Excerpted records

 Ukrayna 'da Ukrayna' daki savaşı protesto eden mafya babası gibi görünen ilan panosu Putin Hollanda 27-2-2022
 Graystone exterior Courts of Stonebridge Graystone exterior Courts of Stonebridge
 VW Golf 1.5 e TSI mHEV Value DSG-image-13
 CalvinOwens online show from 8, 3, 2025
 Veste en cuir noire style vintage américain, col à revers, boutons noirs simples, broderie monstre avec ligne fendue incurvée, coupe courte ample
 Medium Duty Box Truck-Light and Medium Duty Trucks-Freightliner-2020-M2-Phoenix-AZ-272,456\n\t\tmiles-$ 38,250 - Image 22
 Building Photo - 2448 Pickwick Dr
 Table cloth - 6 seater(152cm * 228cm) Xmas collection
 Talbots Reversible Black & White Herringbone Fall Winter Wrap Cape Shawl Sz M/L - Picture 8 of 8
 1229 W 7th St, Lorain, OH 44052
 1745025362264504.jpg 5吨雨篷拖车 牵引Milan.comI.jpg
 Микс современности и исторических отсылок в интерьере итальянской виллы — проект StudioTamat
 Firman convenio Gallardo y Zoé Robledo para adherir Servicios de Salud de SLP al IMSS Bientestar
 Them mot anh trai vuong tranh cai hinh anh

Task to complete
Give back the material above in its entirety, with every word intact.

Reply to the task
 Ukrayna 'da Ukrayna' daki savaşı protesto eden mafya babası gibi görünen ilan panosu Putin Hollanda 27-2-2022
 Graystone exterior Courts of Stonebridge Graystone exterior Courts of Stonebridge
 VW Golf 1.5 e TSI mHEV Value DSG-image-13
 CalvinOwens online show from 8, 3, 2025
 Veste en cuir noire style vintage américain, col à revers, boutons noirs simples, broderie monstre avec ligne fendue incurvée, coupe courte ample
 Medium Duty Box Truck-Light and Medium Duty Trucks-Freightliner-2020-M2-Phoenix-AZ-272,456\n\t\tmiles-$ 38,250 - Image 22
 Building Photo - 2448 Pickwick Dr
 Table cloth - 6 seater(152cm * 228cm) Xmas collection
 Talbots Reversible Black & White Herringbone Fall Winter Wrap Cape Shawl Sz M/L - Picture 8 of 8
 1229 W 7th St, Lorain, OH 44052
 1745025362264504.jpg 5吨雨篷拖车 牵引Milan.comI.jpg
 Микс современности и исторических отсылок в интерьере итальянской виллы — проект StudioTamat
 Firman convenio Gallardo y Zoé Robledo para adherir Servicios de Salud de SLP al IMSS Bientestar
 Them mot anh trai vuong tranh cai hinh anh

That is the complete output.